4.3 Capture current git diff

get_git_diff(work_dir):

  • Runs:
git diff

in that repo.

  • Returns the full diff as a string.

This is how GPT “sees” what code changed.

4.4 Ask GPT: is the task complete?

evaluate_completion(task_text, confirmation_md, junie_output, git_diff, model):

  1. Builds a strict system prompt saying:
  • You are a strict reviewer.

  • You get: task, confirmation.md, Junie output, git diff.

  • Your job:

  • Decide if all checklist items are satisfied.

  • If not, write Markdown for steps_to_complete_the_task.md.

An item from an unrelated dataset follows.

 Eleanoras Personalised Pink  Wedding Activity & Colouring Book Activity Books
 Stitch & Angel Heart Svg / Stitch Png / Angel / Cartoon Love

  • Respond with only JSON of this shape:

    {
        "done": true or false,
        "reason": "...",
        "steps_md": "..."
    }
  1. Creates a payload JSON with:

    • task
    • confirmation_md
    • junie_output
    • git_diff
  2. Sends that payload as a user message and parses the response with json.loads. 4. Returns:

  • done (bool),
  • reason (string),
  • steps_md (Markdown string; empty if done).

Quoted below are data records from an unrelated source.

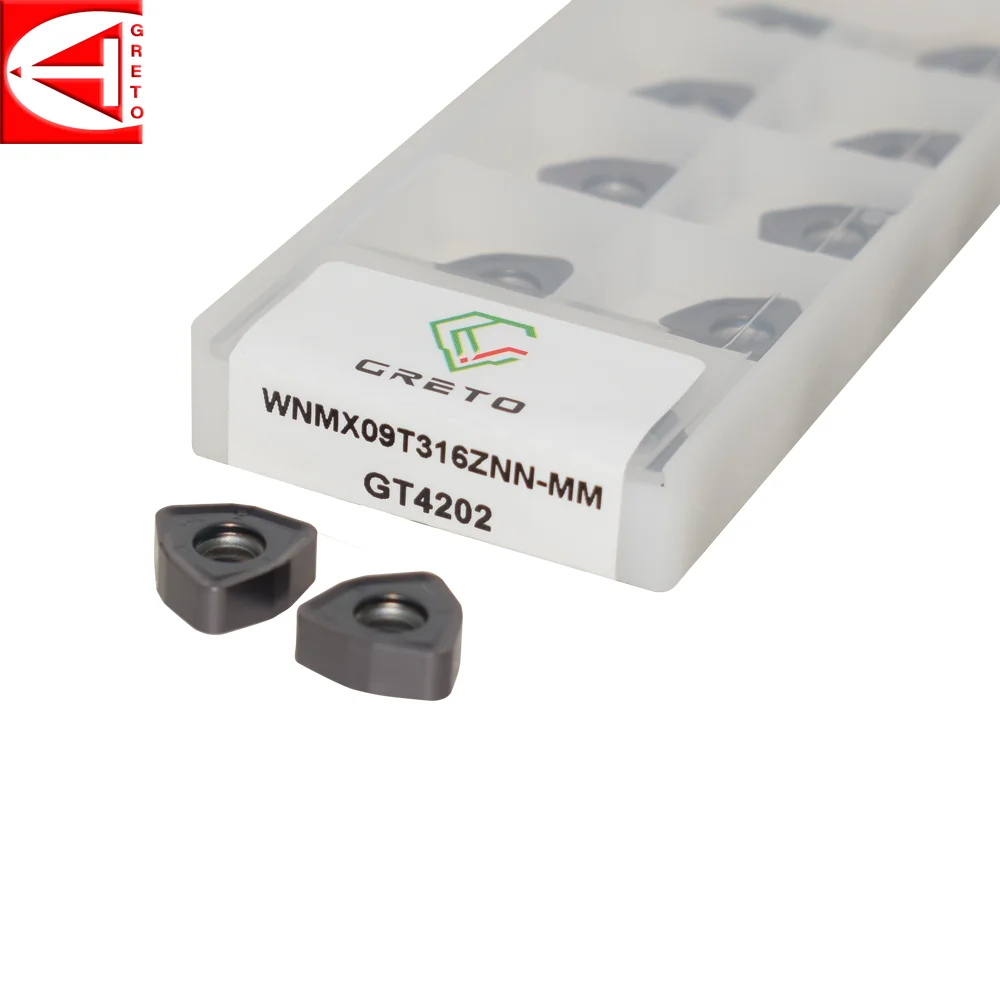 Greto-ferramentas de Corte e Fresagem de Carboneto de Tungstênio Inserções para Ferro Fundido de Aço Inoxidável Wnmx09t316znn-mm Gt4201 Gt4202 Gt4205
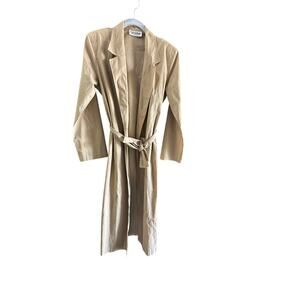 Vintage Calvin Klein 70s Women's Beige Tie Waist Trench Coat Size 4 union made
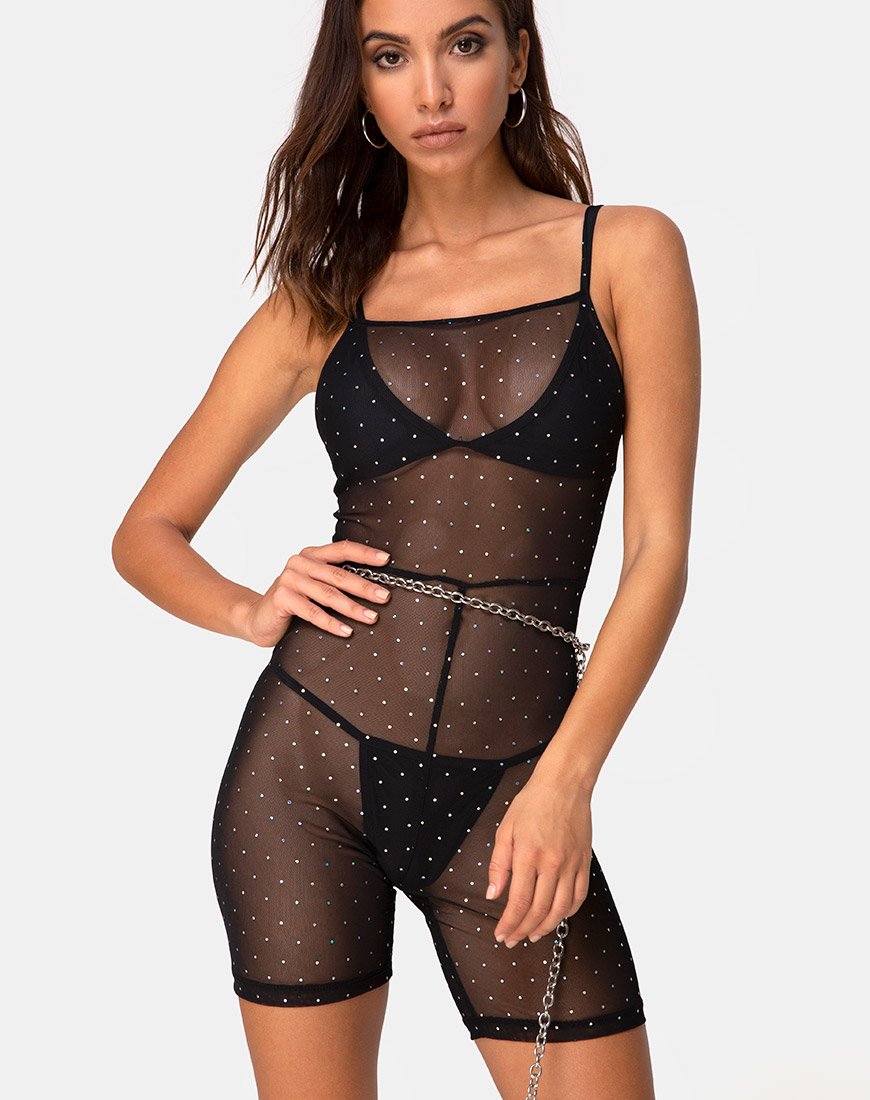 Solina Unitard in rete di cristallo nero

Back in the loop, it prints:

print(f"Review: done={done}, reason={reason}")

4.5 Act on GPT’s decision

In the loop:

  • If done is True:

  • Print a success message.

  • Return from main() (exit 0).

  • If done is False and steps_md is empty:

  • Print a failure message (to avoid infinite loops).

  • Return from main() (exit non-zero).

  • If done is False and steps_md has content:

  • Call write_steps_md(steps_md, work_dir):

  • Writes work_dir/steps_to_complete_the_task.md.

  • Next iteration will use this file to instruct Junie.

This is your feedback loop:

  • Junie changes repo → GPT inspects diff vs acceptance criteria → GPT writes remaining steps → Junie tries again.

5. Stop after max iterations

If the for loop finishes without returning:

  • It prints:
Reached max iterations without completion. Check the repo and markdown files manually.
  • Then exits (implicitly via fall-through).

So you always end in exactly one of these states:

  1. ✅ GPT thinks the task is complete.
  2. ❌ Not complete, but GPT couldn’t give steps.
  3. ⏱️ Hit the max-iteration limit.